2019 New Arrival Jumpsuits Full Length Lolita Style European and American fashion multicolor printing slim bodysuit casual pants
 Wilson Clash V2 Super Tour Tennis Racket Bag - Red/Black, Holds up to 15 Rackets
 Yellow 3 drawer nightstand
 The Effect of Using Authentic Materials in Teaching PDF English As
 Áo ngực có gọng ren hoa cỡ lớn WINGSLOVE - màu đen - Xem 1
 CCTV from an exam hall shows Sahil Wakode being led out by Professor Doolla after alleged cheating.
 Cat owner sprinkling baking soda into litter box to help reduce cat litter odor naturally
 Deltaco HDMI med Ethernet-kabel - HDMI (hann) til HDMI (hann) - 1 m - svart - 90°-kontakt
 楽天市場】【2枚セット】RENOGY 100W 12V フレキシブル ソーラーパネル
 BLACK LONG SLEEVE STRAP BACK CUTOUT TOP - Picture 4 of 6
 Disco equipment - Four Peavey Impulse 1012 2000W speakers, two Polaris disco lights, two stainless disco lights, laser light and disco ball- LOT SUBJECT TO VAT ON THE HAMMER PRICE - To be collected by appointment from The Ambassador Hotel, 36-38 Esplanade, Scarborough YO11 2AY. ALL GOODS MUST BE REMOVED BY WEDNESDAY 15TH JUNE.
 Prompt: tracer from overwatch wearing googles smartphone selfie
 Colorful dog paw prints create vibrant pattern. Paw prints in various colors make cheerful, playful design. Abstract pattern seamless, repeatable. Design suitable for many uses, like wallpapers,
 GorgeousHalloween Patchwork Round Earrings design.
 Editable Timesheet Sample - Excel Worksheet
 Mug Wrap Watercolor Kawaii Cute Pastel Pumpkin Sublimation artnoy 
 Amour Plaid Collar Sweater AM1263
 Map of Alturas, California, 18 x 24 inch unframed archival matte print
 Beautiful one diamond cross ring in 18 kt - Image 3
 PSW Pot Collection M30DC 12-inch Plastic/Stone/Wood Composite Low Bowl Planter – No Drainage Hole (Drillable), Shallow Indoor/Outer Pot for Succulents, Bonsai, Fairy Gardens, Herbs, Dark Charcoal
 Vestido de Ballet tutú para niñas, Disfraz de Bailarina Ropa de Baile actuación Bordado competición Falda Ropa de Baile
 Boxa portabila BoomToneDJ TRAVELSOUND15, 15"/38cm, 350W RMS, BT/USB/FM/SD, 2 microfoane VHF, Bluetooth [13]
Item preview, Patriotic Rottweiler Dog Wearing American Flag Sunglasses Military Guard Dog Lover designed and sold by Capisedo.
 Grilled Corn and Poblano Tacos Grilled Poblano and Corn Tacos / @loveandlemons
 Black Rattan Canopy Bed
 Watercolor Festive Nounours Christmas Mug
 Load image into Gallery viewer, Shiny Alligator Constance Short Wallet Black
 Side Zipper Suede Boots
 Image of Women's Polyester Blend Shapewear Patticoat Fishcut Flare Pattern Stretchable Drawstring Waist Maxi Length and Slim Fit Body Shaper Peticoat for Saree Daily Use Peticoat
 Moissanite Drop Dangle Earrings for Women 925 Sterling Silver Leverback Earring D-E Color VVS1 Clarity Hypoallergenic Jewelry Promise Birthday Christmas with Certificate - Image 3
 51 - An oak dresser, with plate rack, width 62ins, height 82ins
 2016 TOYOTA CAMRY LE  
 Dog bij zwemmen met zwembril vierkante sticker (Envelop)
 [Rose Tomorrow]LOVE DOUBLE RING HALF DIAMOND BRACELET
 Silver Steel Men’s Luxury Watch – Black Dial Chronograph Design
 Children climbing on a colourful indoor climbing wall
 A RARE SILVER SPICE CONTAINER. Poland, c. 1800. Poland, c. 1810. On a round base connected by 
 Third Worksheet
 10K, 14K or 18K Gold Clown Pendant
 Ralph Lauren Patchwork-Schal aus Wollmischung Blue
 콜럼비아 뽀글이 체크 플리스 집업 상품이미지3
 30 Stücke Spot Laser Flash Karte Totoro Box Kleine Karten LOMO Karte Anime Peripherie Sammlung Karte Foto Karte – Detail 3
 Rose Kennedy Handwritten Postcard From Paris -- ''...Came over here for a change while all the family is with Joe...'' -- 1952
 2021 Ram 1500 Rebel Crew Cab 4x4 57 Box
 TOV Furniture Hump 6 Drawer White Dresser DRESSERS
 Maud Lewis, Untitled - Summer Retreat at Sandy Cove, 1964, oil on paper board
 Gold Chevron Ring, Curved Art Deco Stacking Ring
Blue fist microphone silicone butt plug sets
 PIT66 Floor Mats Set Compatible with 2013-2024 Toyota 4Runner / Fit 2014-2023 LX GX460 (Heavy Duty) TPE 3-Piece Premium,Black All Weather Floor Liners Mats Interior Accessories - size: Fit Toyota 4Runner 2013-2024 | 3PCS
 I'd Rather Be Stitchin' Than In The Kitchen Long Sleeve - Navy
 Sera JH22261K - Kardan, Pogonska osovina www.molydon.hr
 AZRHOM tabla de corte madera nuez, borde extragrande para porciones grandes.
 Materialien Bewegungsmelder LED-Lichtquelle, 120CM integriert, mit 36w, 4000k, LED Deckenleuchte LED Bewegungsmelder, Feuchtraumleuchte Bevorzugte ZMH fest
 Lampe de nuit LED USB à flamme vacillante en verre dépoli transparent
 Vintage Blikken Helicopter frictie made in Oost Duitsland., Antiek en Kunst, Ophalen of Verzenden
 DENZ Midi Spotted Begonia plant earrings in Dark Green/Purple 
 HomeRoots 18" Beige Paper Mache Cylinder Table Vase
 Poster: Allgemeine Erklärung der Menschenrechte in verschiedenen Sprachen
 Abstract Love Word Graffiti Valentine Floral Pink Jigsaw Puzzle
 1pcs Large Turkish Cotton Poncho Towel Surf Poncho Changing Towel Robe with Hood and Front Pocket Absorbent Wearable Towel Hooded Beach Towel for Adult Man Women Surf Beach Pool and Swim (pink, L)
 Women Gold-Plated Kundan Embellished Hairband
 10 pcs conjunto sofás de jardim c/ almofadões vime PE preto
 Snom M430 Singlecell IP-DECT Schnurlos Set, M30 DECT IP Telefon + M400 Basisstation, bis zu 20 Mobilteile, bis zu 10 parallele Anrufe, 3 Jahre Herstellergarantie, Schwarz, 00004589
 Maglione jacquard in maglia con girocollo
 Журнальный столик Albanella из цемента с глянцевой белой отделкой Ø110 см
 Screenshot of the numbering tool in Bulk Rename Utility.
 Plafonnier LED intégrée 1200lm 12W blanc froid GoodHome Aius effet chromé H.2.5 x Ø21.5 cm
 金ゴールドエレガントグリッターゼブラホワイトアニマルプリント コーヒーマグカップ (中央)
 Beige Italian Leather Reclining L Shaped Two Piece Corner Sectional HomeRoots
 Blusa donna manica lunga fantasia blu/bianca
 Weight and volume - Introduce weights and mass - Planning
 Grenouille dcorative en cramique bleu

──────────────────────────────

Problem: Quote the listing word for word from its first line through the line in which "Cat owner sprinkling" appears.

Exercise response:
2019 New Arrival Jumpsuits Full Length Lolita Style European and American fashion multicolor printing slim bodysuit casual pants
 Wilson Clash V2 Super Tour Tennis Racket Bag - Red/Black, Holds up to 15 Rackets
 Yellow 3 drawer nightstand
 The Effect of Using Authentic Materials in Teaching PDF English As
 Áo ngực có gọng ren hoa cỡ lớn WINGSLOVE - màu đen - Xem 1
 CCTV from an exam hall shows Sahil Wakode being led out by Professor Doolla after alleged cheating.
 Cat owner sprinkling baking soda into litter box to help reduce cat litter odor naturally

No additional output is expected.